Como parte dos compromissos assumidos pelo Da Vinci em torno da preservação dos documentos originais, o Cartório está recebendo, capeada por este documento e seus anexos, uma cópia do “Traslado” (serviços realizados confidencialmente no interior da escola), para efeito de manuseio por pesquisadores e interessados.

Além dessa providência, estivemos, educadores e alguns alunos participantes da viagem acadêmica supracitada, no Arquivo Público do Estado do Espírito Santo, órgão especializado na preservação de documentos, que nos sugeriu, para maior durabilidade dos documentos originais, a implementação das seguintes providências, pelo Cartório responsável:

1 – Fazer a microfilmagem para garantir a perenidade. O próprio Arquivo Público estaria propenso a realizar esse trabalho, sem custos, necessitando, para tanto, de aproximadamente dez dias de retenção dos documentos, com possibilidades inclusive de promover pequenas restaurações das folhas em pior estado de conservação.

2 – Nunca colar documentos com durex ou qualquer fita adesiva. Esse procedimento atrai insetos (ou outros pequenos animais) que danificam as folhas, sem possibilidade de recuperação.

3 – Nunca arquivar documentos com clips ou grampos de metal.

4 – Nunca dobrar documentos.

5 – Somente manusear documentos com as mãos limpas. Em alguns casos, é recomendável o uso de luvas.

6 – Nunca deixar que o documento seja molhado. Guardá-lo em local com pouca umidade, porém, não seco.

7 – Inserir uma folha de papel alcalino entre cada duas folhas do documento.

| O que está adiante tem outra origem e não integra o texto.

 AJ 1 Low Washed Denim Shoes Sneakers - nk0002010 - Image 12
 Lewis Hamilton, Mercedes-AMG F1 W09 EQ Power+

A essas recomendações, e para evitar que tal processo esteja exposto ao risco de ser retirado da região e não mais retorne — a exemplo do que nos foi noticiado em relação ao processo original de Guihermina Lübke, bem como de livros de registros dos cartórios de Santa Leopoldina ou de Mangaraí —, permitimo-nos acrescentar:

a) Que o documento original seja guardado em caixa especial, como a utilizada para acondicionamento dos referidos originais (por providência do Arquivo Público), em local seguro, sob todos os aspectos.

b) Que as cópias que agora enviamos sejam colocadas à disposição dos pesquisadores, evitando-se o manuseio do documento original, adotando-se, em relação a elas, os mesmos cuidados que mereceria a documentação original (carga no Livro de Registro)

c) Que, quando houver um museu em Santa Leopoldina, em condições de abrigar com segurança o “Traslado dos Autos”, dentro de caixa com tampa de vidro, devidamente protegido em todos os aspectos, com manuseio impossibilitado, seja esse processo ali exposto. Não teria sentido sua guarda eterna sem que pudesse ser visualizado pela população. A título de sugestão, ao lado dos originais, poderia ser disponibilizada uma cópia, para efeito de socialização e eventuais consultas.

Vitória (ES), 12 de agosto de 2002

CENTRO EDUCACIONAL LEONARDO DA VINCI
Coordenador da Rede PEA – UNESCO no Espírito Santo


[Reprodução autorizada pelo Centro Educacional Leonardo Da Vinci, Vitória, ES, 2004.]